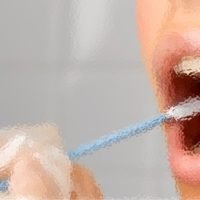 ΔΙΑΘΕΣΤΕ ΜΕΡΙΚΑ ΔΕΥΤΕΡΟΛΕΠΤΑ ΑΠΟ ΤΗ ΖΩΗ ΣΑΣ (ΑΝΩΔΥΝΑ) ΚΑΙ ΙΣΩΣ ΣΩΣΕΤΕ ΖΩΕΣ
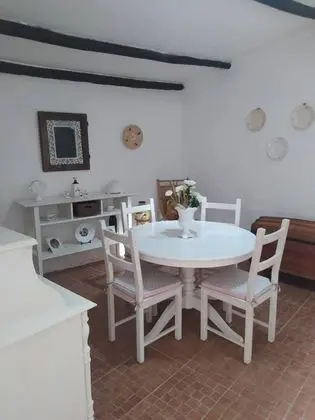 Ev, Birden Çok Yatak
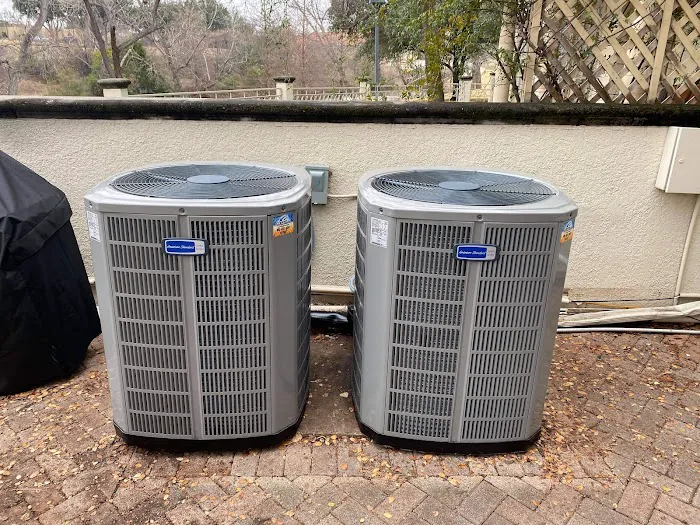 Coppell Inc Picture 6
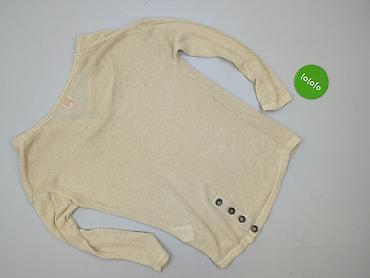 hostar sweter: ONLY, Sweter damski, rozmiar S — 3
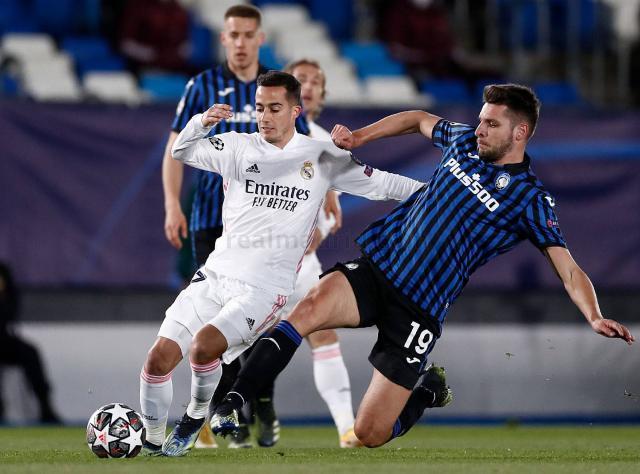 开云体育APP下载-巴斯克斯今夏或离队 皇马有意签回德弗鲁托斯入替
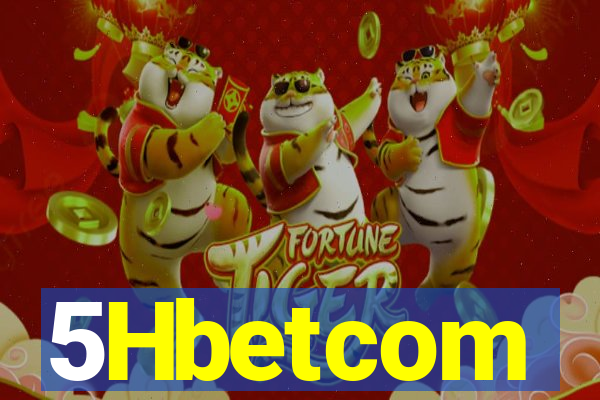 5Hbetcom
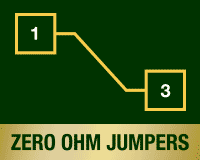 TOPLINE Jumper (ジャンパー)
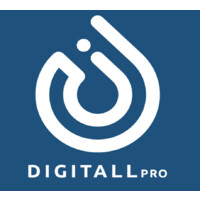 DigitALL PRO | Experiencias digitales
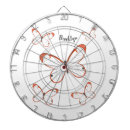 Recherche de insectes jeux de fléchettes Papillon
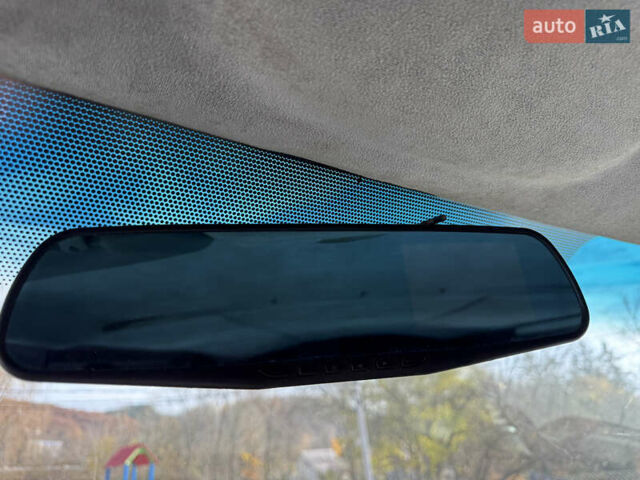 Белый Опель Виваро, объемом двигателя 2 л и пробегом 330 тыс. км за 5999 $, фото 30 на Automoto.ua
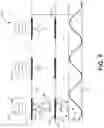 Fig. 06 - Cavity-backed antenna array with distributed signal amplifiers for transmission of a high-power beam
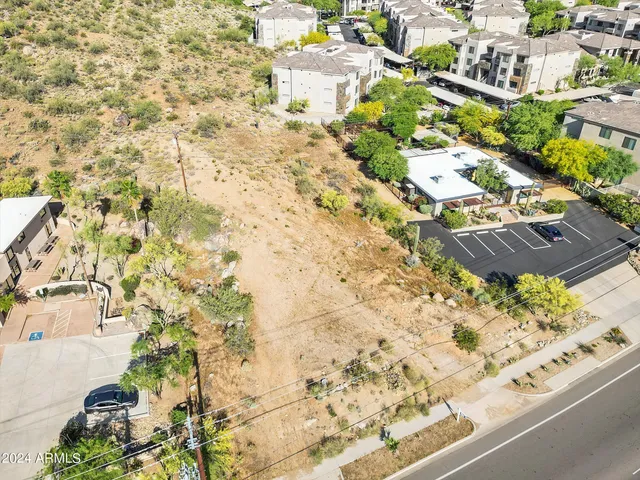 $350,000 | 19844 North Cave Creek Road, Phoenix, AZ 85024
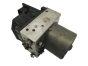 Насос гідравлічної системи Alfa Romeo 147 46743750 0265800005 Bosch 61920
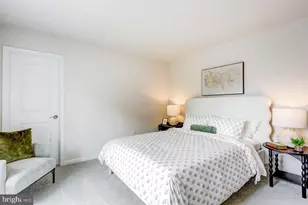 102 Village Dr, Millersville, PA 17551 - Photo 21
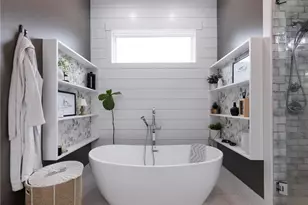 5634 Autumn Flame Dr, Braselton, GA 30517 - Photo 48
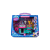 Littlest pet shop LPS S4 Édes Stílus Készlet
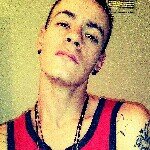 Steven Larson follow 4 follow! - @larson303 - Instagram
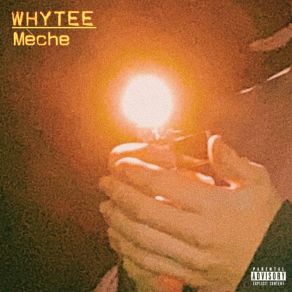 Download track Brûle Whytee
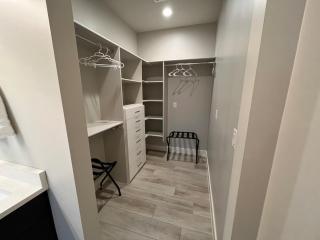 Comfy Casita Private Apartment with Shared Backyard - 6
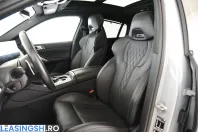 BMW X6 (Seria X) din 2024 cu 31.500 km - oferta BMW237735 - foto 5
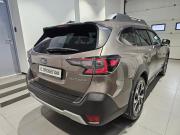Subaru Outback VI Москва  - изображение 26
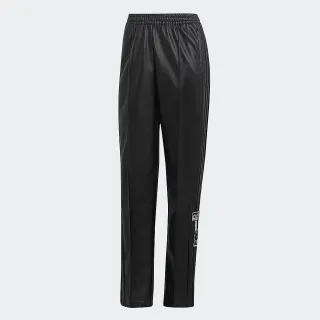 【adidas官方旗艦】ADIBREAK 運動長裙 女 - Originals(H39022) 歷史價格詳細信息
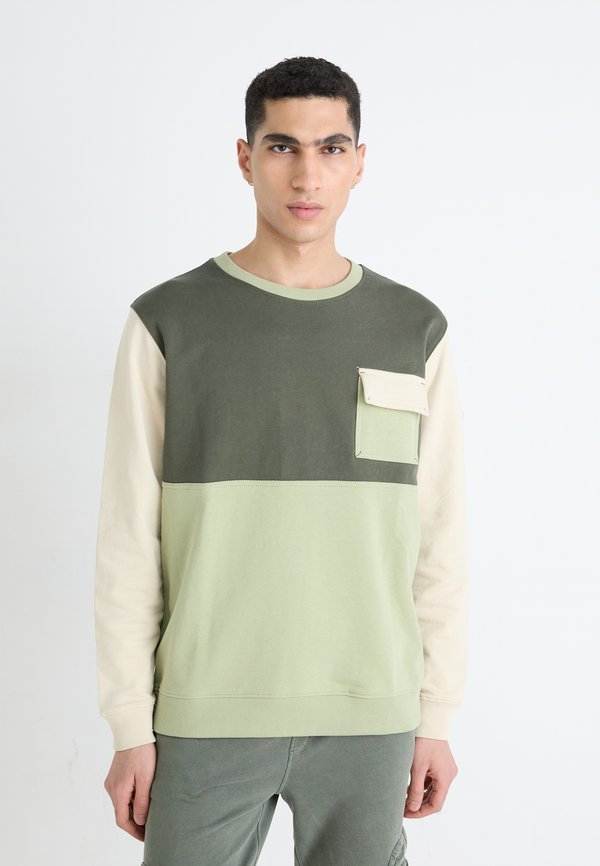 Pepe Jeans MARCUS CREW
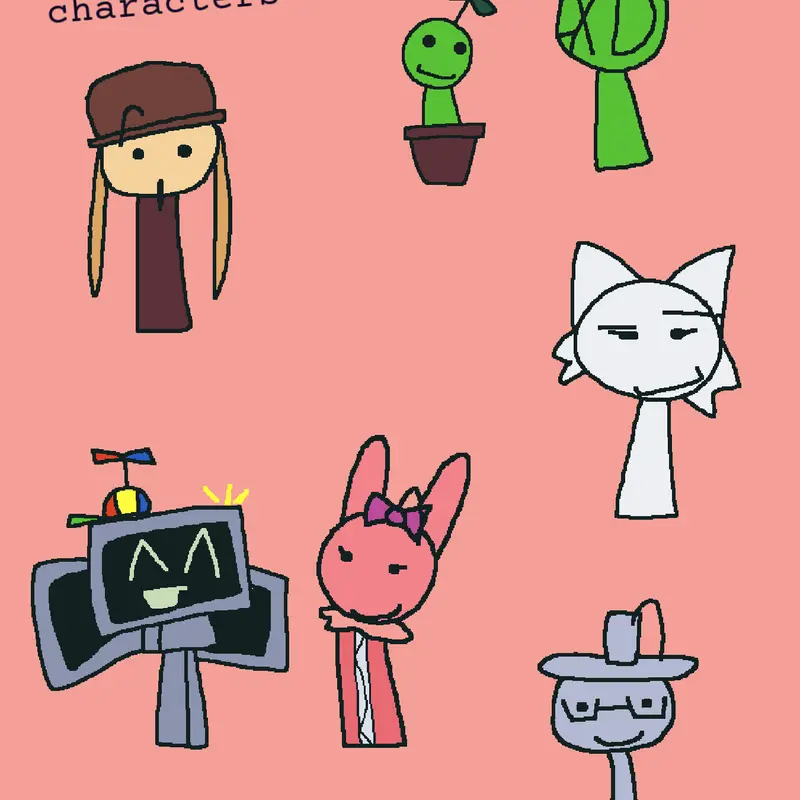 Game by @FuntixticDo_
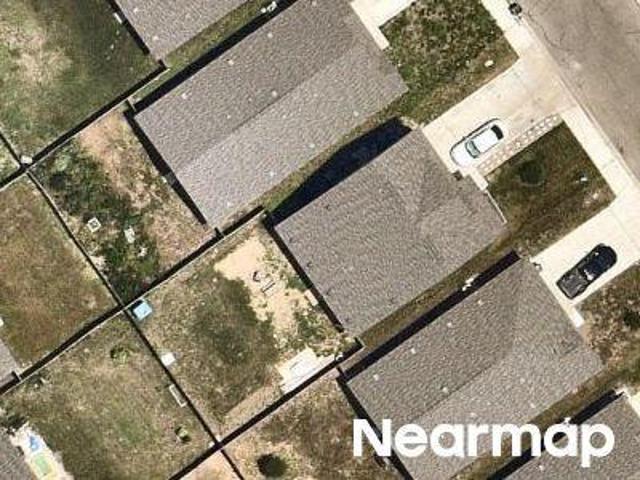 House for sale in Seguin, Guadalupe County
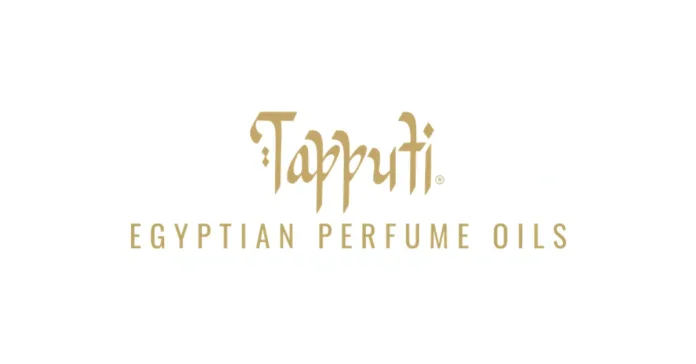 Perfumer Tapputi Debuts Spring Oil Fragrance Wardrobe Perfumer Tapputi Debuts Spring Oil Fragrance Wardrobe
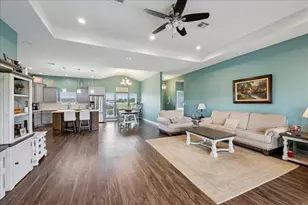 237 Private Rd 8101, Buna, TX 77612 - Photo 8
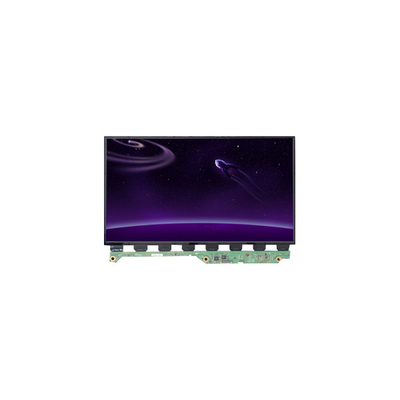 good price M270DAN09.0 27.0 inch 2560*1440 LCD Screen online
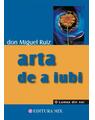 Copertă produs Arta de a iubi - thumb 1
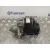 Motor Arranque para Fiat Panda (169)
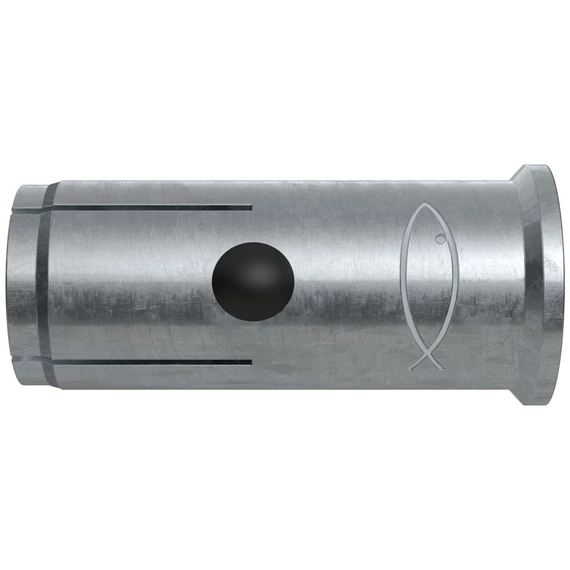 FISCHER EA II M8x25 feszítődübel (532231)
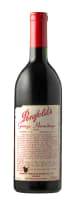 Penfolds; Grange; 1976; 1 (1 x 1); 750ml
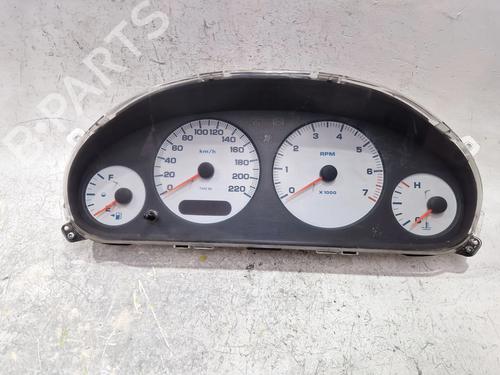 Used Instrument cluster CHRYSLER VOYAGER IV (RG, RS) 2.4 (151 hp) 29385106
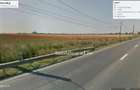 Teren intravilan 17.000 mp cu front la Centura intre Metro si 6 Vanatori - 9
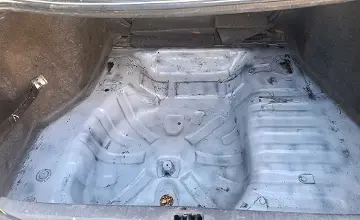 Nissan Primera 1996 года за 650 000 тг. в Алматинская область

________________________________________

WHAT YOU NEED TO DO -> Your reply should give again exactly the lines from the one with "Download track Brûle Whytee" through the last line of the data, with both ends included and pictures left out.

TASK OUTPUT ->
 Download track Brûle Whytee
 Comfy Casita Private Apartment with Shared Backyard - 6
 BMW X6 (Seria X) din 2024 cu 31.500 km - oferta BMW237735 - foto 5
Subaru Outback VI Москва  - изображение 26
 【adidas官方旗艦】ADIBREAK 運動長裙 女 - Originals(H39022) 歷史價格詳細信息
 Pepe Jeans MARCUS CREW
 Game by @FuntixticDo_
 House for sale in Seguin, Guadalupe County
 Perfumer Tapputi Debuts Spring Oil Fragrance Wardrobe Perfumer Tapputi Debuts Spring Oil Fragrance Wardrobe
 237 Private Rd 8101, Buna, TX 77612 - Photo 8
 good price M270DAN09.0 27.0 inch 2560*1440 LCD Screen online
 Copertă produs Arta de a iubi - thumb 1
 Motor Arranque para Fiat Panda (169)
 FISCHER EA II M8x25 feszítődübel (532231)
 Penfolds; Grange; 1976; 1 (1 x 1); 750ml
 Used Instrument cluster CHRYSLER VOYAGER IV (RG, RS) 2.4 (151 hp) 29385106
 Teren intravilan 17.000 mp cu front la Centura intre Metro si 6 Vanatori - 9
 Nissan Primera 1996 года за 650 000 тг. в Алматинская область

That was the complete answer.